Por José de Alencar (1860)

Mãe é uma peça teatral de José de Alencar que aborda os laços familiares e os conflitos morais do século XIX. A obra gira em torno do amor materno, do sacrifício e das desigualdades sociais, revelando tensões entre sentimentos pessoais e convenções da época. Com tom dramático e emotivo, o texto convida o leitor a refletir sobre dever, afeto e justiça dentro da família.

Drama em Quatro Atos


À MINHA MÃE

E MINHA SENHORA

D. ANA J. DE ALENCAR

Mãe,

Em todos os meus livros há uma página que me foi inspirada por ti. É aquela em que fala esse amor sublime que se reparte sem dividir-se e remoça quando todas as afeições caducam.

Desta vez não foi uma página, mas o livro todo.

Escrevi-o com o pensamento em ti, cheio de tua imagem, bebendo em tua alma perfumes que nos vêm do céu pelos lábios maternos. Se, pois, encontrares ai uma dessas palavras que dizendo nada exprimem tanto, deves sorrir-te; porque foste tu, sem o querer e sem o saber quem me ensinou a compreender essa linguagem.

Acharás neste livro uma história simples; simples quanto pode ser.

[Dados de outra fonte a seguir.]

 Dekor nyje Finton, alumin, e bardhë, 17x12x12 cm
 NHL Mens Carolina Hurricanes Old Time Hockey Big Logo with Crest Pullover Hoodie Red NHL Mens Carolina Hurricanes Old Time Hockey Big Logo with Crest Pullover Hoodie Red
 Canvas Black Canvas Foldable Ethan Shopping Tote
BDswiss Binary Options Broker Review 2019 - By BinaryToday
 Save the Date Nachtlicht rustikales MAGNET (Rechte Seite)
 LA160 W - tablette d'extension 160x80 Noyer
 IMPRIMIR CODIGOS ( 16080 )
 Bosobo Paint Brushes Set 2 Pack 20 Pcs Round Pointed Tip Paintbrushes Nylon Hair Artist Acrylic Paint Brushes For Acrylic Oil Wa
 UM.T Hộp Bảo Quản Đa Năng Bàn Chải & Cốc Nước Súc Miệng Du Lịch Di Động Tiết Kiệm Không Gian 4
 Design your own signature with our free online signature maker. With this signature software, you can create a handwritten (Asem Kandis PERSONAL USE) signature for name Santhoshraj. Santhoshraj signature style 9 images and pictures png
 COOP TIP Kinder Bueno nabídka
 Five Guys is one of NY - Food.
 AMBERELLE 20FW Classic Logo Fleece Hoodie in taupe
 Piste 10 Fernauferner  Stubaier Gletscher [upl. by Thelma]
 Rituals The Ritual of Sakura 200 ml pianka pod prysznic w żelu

É um coração de mãe como o teu. A diferença está em que a Providência o colocou o mais baixo que era possível na escala social, para que o amor estreme e a abnegação sublime o elevassem tão alto, que ante ele se curvassem a virtude e a inteligência; isto é, quanto se apura de melhor na lia humana.

A outra que não a ti causaria reparo que eu fosse procurar a maternidade entre a ignorância e a rudeza do cativeiro, podendo encontrá-la nas salas trajando sedas. Mas sentes que se há diamante inalterável é o coração materno, que mais brilha quanto mais espessa é a treva. Rainha ou escrava, a mãe é sempre mãe.

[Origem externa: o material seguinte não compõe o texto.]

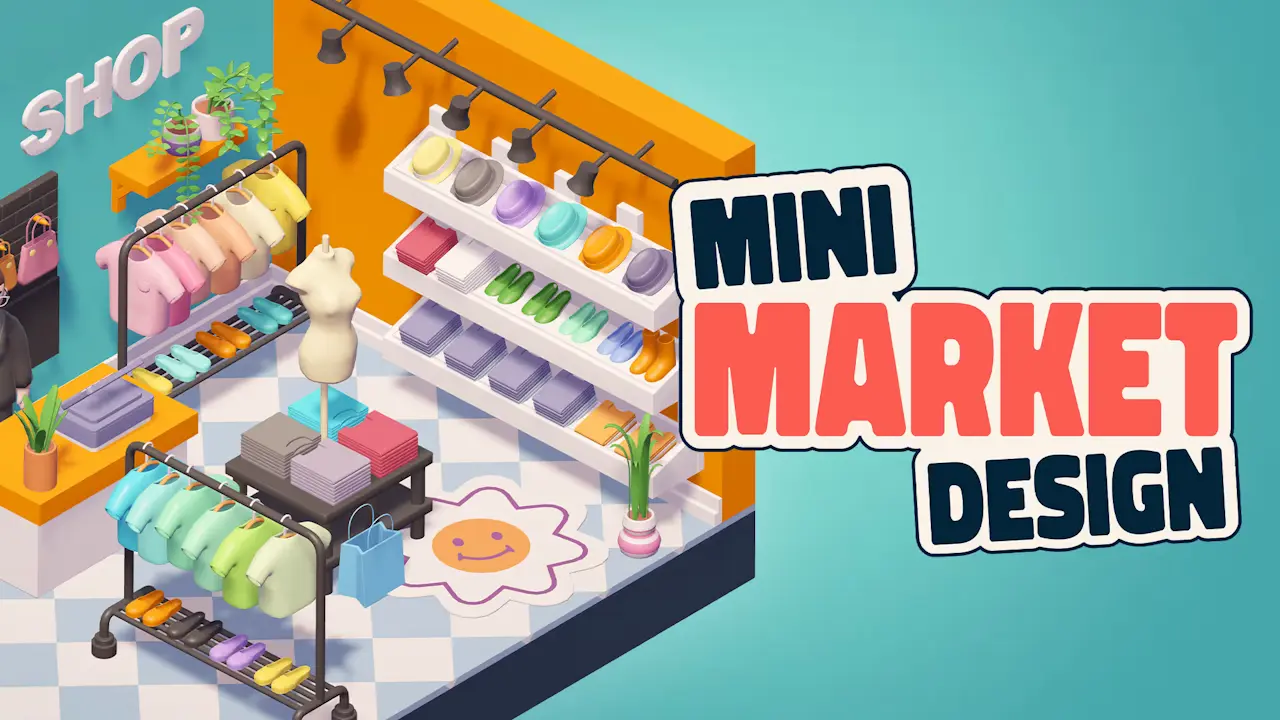 Mini Market Design Logo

Tu me deste a vida e a imaginação ardente que faz que eu me veja tantas vezes viver em ti, como vives em mim; embora mil circunstâncias tenham modificado a obra primitiva. Me deste o coração que o mundo não gastou, não; mas cerrou-o tanto e tão forte, que só, como agora, no silêncio da vigília, na solidão da noite, posso abri-lo e vazá-lo nestas páginas que te envio.

Recebe, pois, Mãe, do filho a quem deste tanto, esta pequena parcela da alma que bafejaste.

J. DE ALENCAR

Rio de Janeiro, 1859


PERSONAGENS

DR. LIMA

JORGE

GOMES 

PEIXOTO

VICENTE

ELISA

JOANA

A cena é no Rio de Janeiro A época 1855.

 

ATO PRIMEIRO

Em casa de GOMES. Sala de visitas. 


CENA PRIMEIRA 

ELISA e GOMES


GOMES - Já estás cosendo, minha filha?

ELISA - Acordei tão cedo... Não tinha que fazer.

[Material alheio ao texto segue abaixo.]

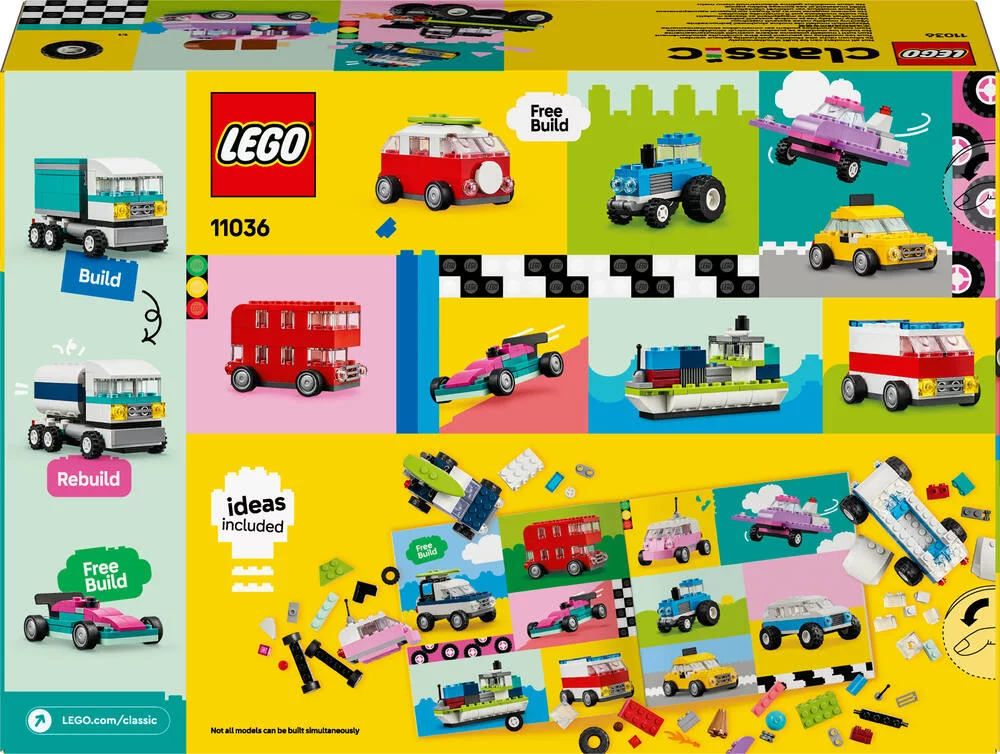LEGO®CLASSIC 11036 - LES VEHICULES CREATIFS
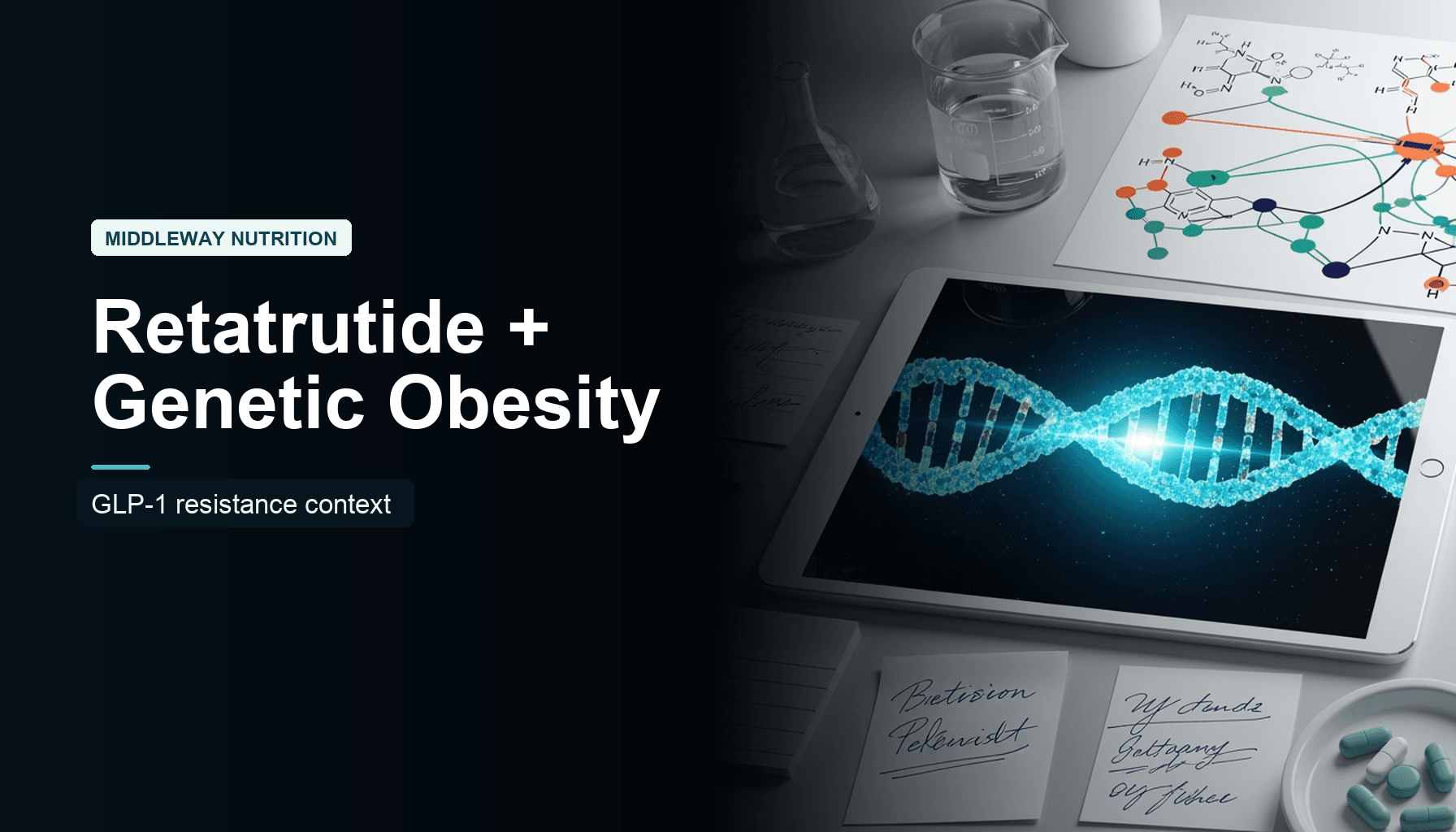 Retatrutide for Genetic Obesity and GLP-1 Resistance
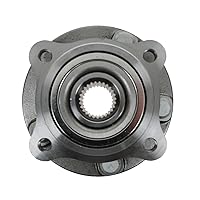 Vista 935 de TRQ Juego de 2 rodamientos de rueda trasera y conjunto de cubo con sensor ABS compatible con Ford Transit Connect 2014-2018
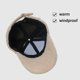 thumbnail image 3 of Gorro de invierno con agujero para cola de caballo para mujeres y hombres, para viajes al aire libre, de piel sintética, con retazos de lana de cordero, gorra de béisbol, 3 of 5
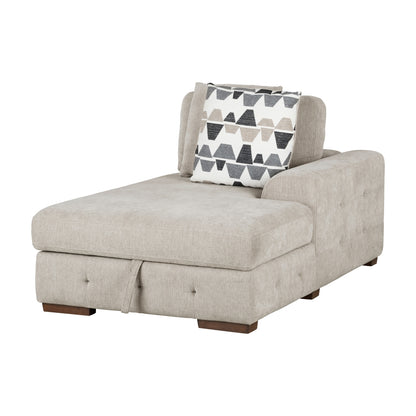 Raife Right Side Chaise with Hidden Storage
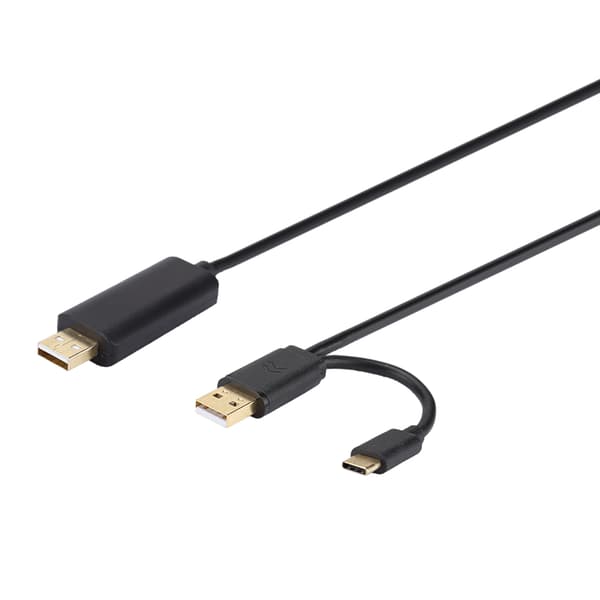 Højhastigheds USB-kopilinje Han til Han Dataoverførselskabel Gratis Drev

GOMES - Por que me ocultas o teu generoso sacrifício? Cuidas que não adivinhei?

ELISA - O que, meu pai?... Que fiz eu?...

GOMES - São as tuas costuras que têm suprido esta semana as nossas despesas. Conheceste que eu não tinha dinheiro para os gastos da casa e não me pediste... trabalhaste!

ELISA - Não era a minha obrigação, meu pai?

GOMES - Oh! E preciso que isto tenha um termo!

ELISA - Também hoje é 3 do mês... Vm. receberá o seu ordenado.

GOMES - Meu ordenado?... Já o recebi.

ELISA - Ah! Precisou dele para pagar a casa?

GOMES - Depois que morreu tua mãe, Elisa, tenho sofrido muito. Além dessa perda irreparável, as despesas da moléstia me atrasaram de modo, que não sei quando poderei pagar as dívidas que pesam sobre mim.

ELISA - E são muitas?

GOMES - Nem eu sei... Já perdi a cabeça! Mas isto vai acabar... Não é possível viver assim.

ELISA - Que diz, meu pai!

GOMES - Perdoa, Elisa. Foi um grito de desespero... Às vezes, confesso-te, tenho medo de enlouquecer! Até logo.

CENA II

ELISA e JOANA JOANA - Bom dia, iaiá.

ELISA - Adeus, Joana.

JOANA - Iaiá está boa?

ELISA - Boa, obrigada.

JOANA - Sr. Gomes já foi para a repartição...

ELISA - Saiu agora mesmo.

JOANA - Encontrei ele na escada. Hoje não é dia de lição de nhonhô Jorge?

ELISA - Segunda-feira.... É, e ainda nem tive tempo de passar os olhos por ela.

JOANA - Então como há de ser?

ELISA - Estou acabando esta costura. Já vou estudar.

JOANA - Pois enquanto iaiá cose, eu vou arrumando a sala: pode vir gente.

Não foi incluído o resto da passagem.